Riforma che, a questo punto, nonostante l’approvazione da parte del Parlamento, non è stata confermata dal passaggio referendario e dunque non entrerà in vigore. Non ci sarà nessuna modifica, dunque, all’attuale testo della Costituzione italiana.
Ore 15.42 – Prima proiezione Opinio per Rai su dati reali: no 53,1%, sì 46,9%; più o meno stessi dati per la prima proiezione Technè per Mediaset: no 53,2%, sì 46,8%.

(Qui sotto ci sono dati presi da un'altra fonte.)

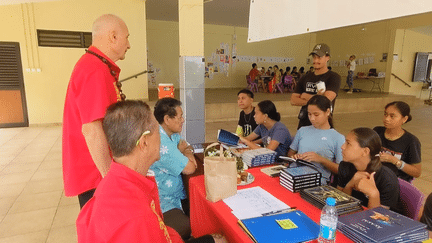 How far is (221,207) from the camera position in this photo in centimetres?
136

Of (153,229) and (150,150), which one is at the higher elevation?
(150,150)

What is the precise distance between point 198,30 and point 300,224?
3.83m

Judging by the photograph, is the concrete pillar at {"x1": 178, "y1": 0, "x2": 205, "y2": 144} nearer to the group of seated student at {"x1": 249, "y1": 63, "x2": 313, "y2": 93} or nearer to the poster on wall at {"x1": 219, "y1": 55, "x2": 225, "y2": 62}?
the group of seated student at {"x1": 249, "y1": 63, "x2": 313, "y2": 93}

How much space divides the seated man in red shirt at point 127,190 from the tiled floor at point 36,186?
1839 mm

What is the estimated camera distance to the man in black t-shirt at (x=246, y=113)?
3.33 metres

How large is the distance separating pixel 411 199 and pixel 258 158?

Ore 15 – In tutta Italia si sono chiuse alle ore 15 di lunedì 23 marzo le urne per votare al referendum costituzionale sulla riforma della giustizia. Al termine delle operazioni di voto è iniziato l’accertamento dell’affluenza definitiva e, subito dopo, è previsto lo scrutinio delle schede per determinare i risultati di questa consultazione referendaria.
Secondo i primi instant poll, il risultato è in grande equilibrio, con un vero e proprio testa a testa: il “no” sarebbe avanti di due punti percentuali sul “sì”, anche se le forchette sono ancora parzialmente sovrapponibili (“no” 49-53%, “sì” 47-51%) e dunque l’esito non è ancora definito.
Il quesito sul quale si sono espresse le persone che hanno votato è il seguente: “Approvate il testo della legge costituzionale concernente ‘Norme in materia di ordinamento giurisdizionale e di istituzione della Corte disciplinare’ approvato dal Parlamento e pubblicato nella Gazzetta Ufficiale n. 253 del 30 ottobre 2025?”.

Trattandosi di un referendum costituzionale (ex art. 138 della Costituzione), non è previsto alcun quorum da raggiungere. Il responso delle urne, dunque, sarà valido indipendentemente dall’affluenza finale: in caso di maggioranza di “sì”, la legge già approvata dal Parlamento entrerà definitivamente in vigore (e di conseguenza così faranno le relative modifiche alla Costituzione); in caso contrario, invece, qualora dovessero prevalere i “no”, la riforma del governo Meloni non sarà confermata e non avrà effetti, dunque non modificherà in alcun modo la Costituzione.